DETAILED DESCRIPTION OF THE PRESENT INVENTION

[0057] With reference now to FIG. 7, a wheel hub assembly according to a preferred embodiment of the invention is denoted overall by 10. The figure shows a detail of the configuration illustrated by way of example. As mentioned in the introduction, the invention is applicable not only to the configuration described below, but generally to any wheel hub assembly for motor vehicles.

[0058] The assembly 10 comprises a hub 20 which is preferably, but not necessarily, stationary and a bearing unit 30. The hub 20 is configured to assume also the function of a radially inner ring of the bearing. In the whole of the present description and in the claims, the terms and expression indicating positions and orientations such as radial and axial are understood as being in relation to the central axis of rotation X of the bearing unit 30. Expressions such as axially outer and axially inner relate instead to the mounted condition and, in the specific case, preferably are in relation to a wheel side and, respectively, to a side opposite to the wheel side.

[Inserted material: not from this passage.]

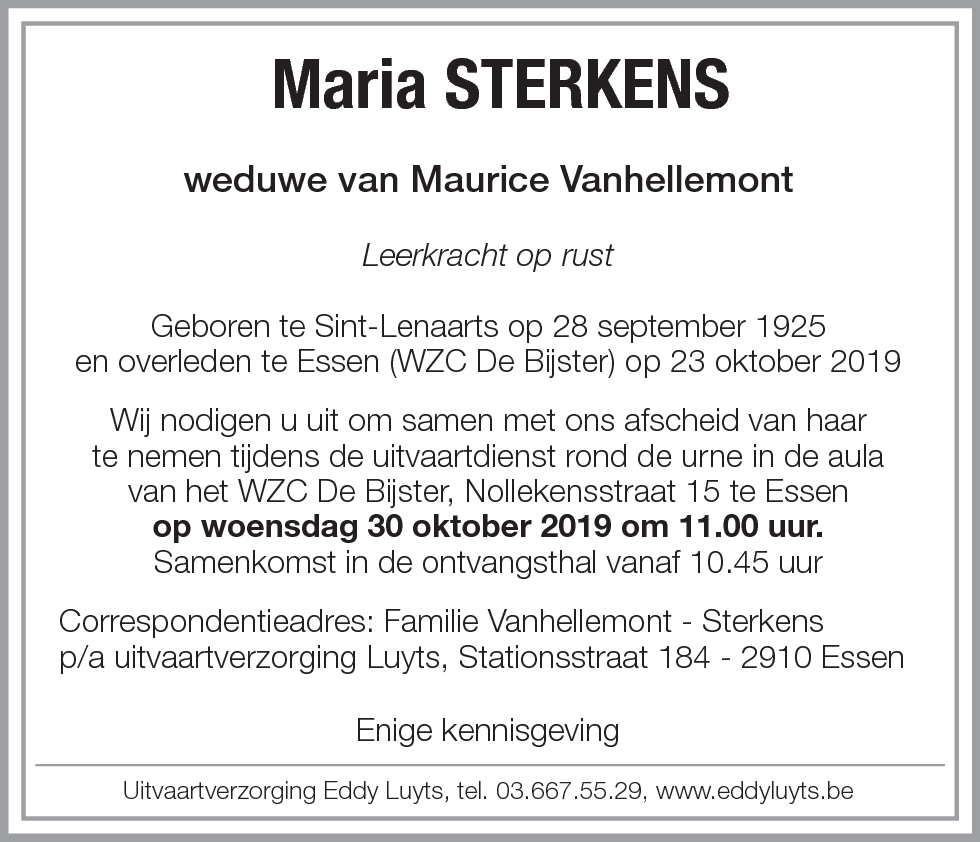 Maria Sterkens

[0059] The bearing unit 30 comprises a radially outer ring 31 which is preferably, but not necessarily, rotatable and provided with respective radially outer raceways 31, at least one radially inner ring 20, 34 which is stationary and provided with respective radially inner raceways 20, 34 and two rows of rolling bodies 32, 33, in this example balls. The row of axially outer rolling bodies 32 is arranged between the radially outer ring 31 and the hub 20 having the function of radially inner ring, while the row of axially inner rolling bodies 33 is arranged between the radially outer ring 31 and the radially inner ring 34. For the sake of easier illustration the reference numbers 32, 33 will be used to identify both the single balls and the rows of balls. Again for the sake of simplicity, the term ball may be used by way of example in the present description and in the attached drawings instead of the more generic term rolling body (and likewise the same reference numbers will be used). It will be understood always that, instead of balls, any other rolling body (for example, rollers, tapered rollers, needle rollers, etc.) may be used.

[0060] The rolling bodies of the rows 32, 33 are kept in position by corresponding cages 39, 40 of the innovative and so-called flexible type owing to the characteristic features which will be described below.

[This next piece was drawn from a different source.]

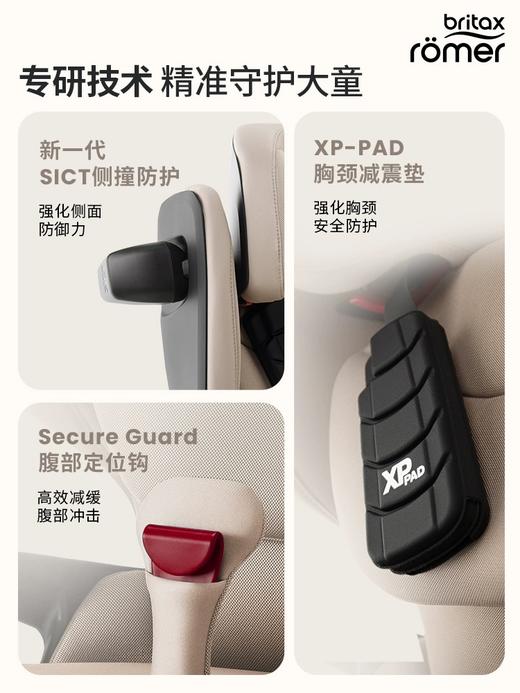 德国britax宝得适凯迪骑士PRO儿童安全座椅约3-12岁 商品图1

[0061] The flexible cage according to an embodiment of the present invention is indicated in FIG. 8 by the reference number 40 and, in the example of embodiment described, is the axially outer cage. It is entirely evident that the same description of the cage 40 is likewise applicable to the axially inner cage 39. It is preferred to describe the axially outer cage since it is that cage which, during the operations for mounting in the bearing, must pass through the minimum overall diameter DK of the radially outer ring 31 in order to reach its axially outer position on the bearing.

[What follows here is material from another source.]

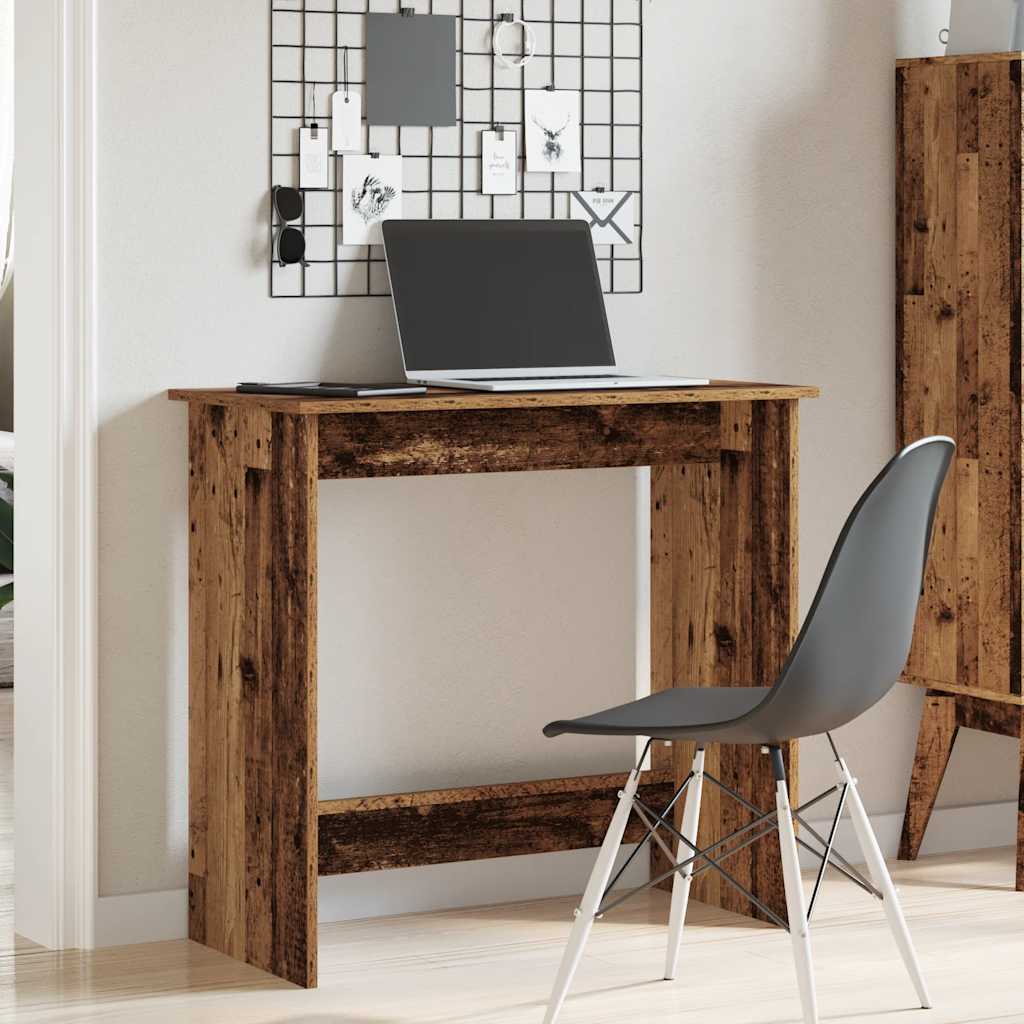 Vidaxl bureau 80x40x75 cm bewerkt hout oud houtkleurig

[0062] The cage 40, which is obtained by means of molding from plastic material, is formed by a substantially circular base rib 41 and a plurality of circumferentially spaced fingers 42 which extend from one side of the rib 41, where the fingers 42 have a base portion 42a. The base rib 41 and the fingers 42 have partially spherical concave surfaces 44, 45, 46 having a smaller extension than the surfaces of the cages according to the prior art and defining together a plurality of partially spherical pockets or cavities 43 for retaining the respective balls (32 or 33 in FIG. 7).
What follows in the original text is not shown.